Hershey's plant in Pennsylvania, with nearly two million square feet of manufacturing space, is the largest chocolate factory in the world. Since opening in 1905, it's hosted millions of visitors. The public tour, however, was discontinued in 1973. But today, without even leaving home, you can take the tour that made Hershey, PA "one of America's favorite destinations." First I learned that cocoa beans, the primary ingredient of chocolate, grow only within twenty degrees of the equator. No wonder no one in my neighborhood grows their own chocolate. Continuing with sugar, almonds, peanuts and milk, you'll learn about each ingredient and each part of the manufacturing process.
"Actually, the story of M&M's began thousands of years ago - the Mayan and Aztec civilizations of Central America used to make a drink from the beans of the cacao tree. Spanish colonists brought the drink back to Europe in 1528, but it wasn't until over 300 years later that a method was found to produce solid chocolate." After a quick animated tour of the M&M factory and a tongue-in-cheek monorail tour of the M&M studio, this Web site is all Shockwave fun and games.
This animated playground created by Nestlé, was inspired by Dahl's Willie Wonka character. In the science lab, you'll learn about the melting points of solids such as chocolate, butter, sugar and ice. Or balance the acid and alkali levels in the sweet and sour candies. In the Inventonator, you can arrange musical machine parts to create a melody. All the games require Shockwave, and are designed for the under-ten set. Though obviously designed to sell their candies, the result is fun and educational.
Many of the coloring pages found on the Net are the print-and-play variety. Print out the black and white picture and use your crayons to color them in. Today's sites, however, are virtual coloring books — you color, paint and draw right on your computer screen. These interactive coloring pages are great for preschoolers, kindergartners and budding artists of all ages.
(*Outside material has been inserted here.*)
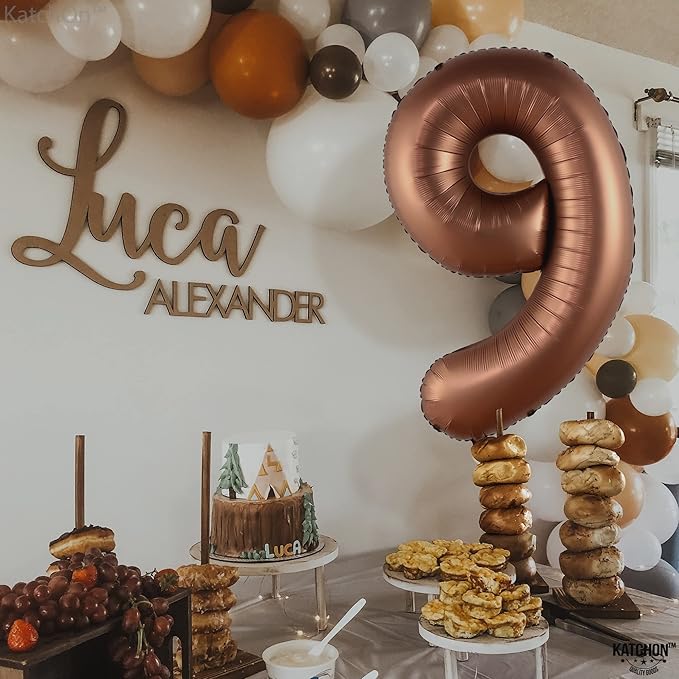 KatchOn, Giant Coffee Brown Number 9 Balloon - 40 Inch | Foil 9 Birthday Balloon for 9th Birthday Decorations | 9th Anniversary Decoration | Coffee Party Decor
This site hits the mark with a large selection of pictures and the ability to email your completed masterpieces to friends and family with a small personal note. Coloring.com loses a star, however, for only letting you color within the lines -- no free form coloring is possible. Pictures are grouped into topics such as cars (the largest topic), animals, birthdays and holidays. What a fun way to send electronic art across the Net!
Disney Online Paint & Play
To find the Disney coloring pages, click on "Paint and Play" and a list of characters (Ariel, Mulan, Lion King and Winne the Pooh) will appear on the right. Choosing your favorite character will load a Java-based Paint Center which includes a variety of paintbrushes for free form painting (hooray!), a paint can tool for filling spaces, lots of colors, an eraser, water to lighten your paints, a stamp pad with a nice selection of stamps (fun, fun, fun) and several pictures. Use the arrow or Mickey's pointing finger to advance from one picture to the next.
Now for something totally different: Kaleidoscope Painter creates colorful spiraling fractal designs based on the movement of your mouse. You can change the effects by moving your mouse or resizing the brush. You can even put it on Auto and watch as the mesmerizing lacy designs create themselves. Guaranteed to capture your imagination.
These four Shockwave pictures from the cartoonist Radicalman are equipped with not just one palette of colors, but four that range from pastel to bold. Another unique feature is Scramble, which automatically colors the picture with a selection of random colors. Very young point-and- clickers will enjoy being able to paint an entire picture with a single click -- and watching the colors change with each subsequent click.
From my very own Surfnetkids site, comes this collection of picture games, including a dozen coloring pages, as well as slider and scrambler games and the very popular matching games (often called Concentration.)
Zeeks Art & Music
These sixteen Zeek art and music games are my pick of the day. To find the coloring sites, simply click on Sort by Subject, and you'll find them listed under Art Tools and Drawing. Which of these games are the most popular? Sort by Popularity and the number you see listed by each game is the number of times it's been played. My favorite clicks are Array ("create cool animations on this colorful lightboard,") Snowflake ("practice your paper snowflake making technique,") and Coloring Book("Color away! Use our coloring book or make your own designs.")
Today's youngsters would find these interactive dress-up games appealing. All of today's sites require the free downloadable Shockwave plugin.
Checks In: The Royal Suite
"Dunston's got a whole wardrobe of hip clothing. But, typical of most male primates, he can't seem to get dressed by himself." Dunston has found the Royal Suite, and needs your help choosing from a variety of boxer shorts, dresses, swim suits, hats and cool shades. Each click- and-drag has a swell coo-coo-clock sound effect, but like Dinorella, Dunston only can wear his hats on his head, and his sunglasses on his face.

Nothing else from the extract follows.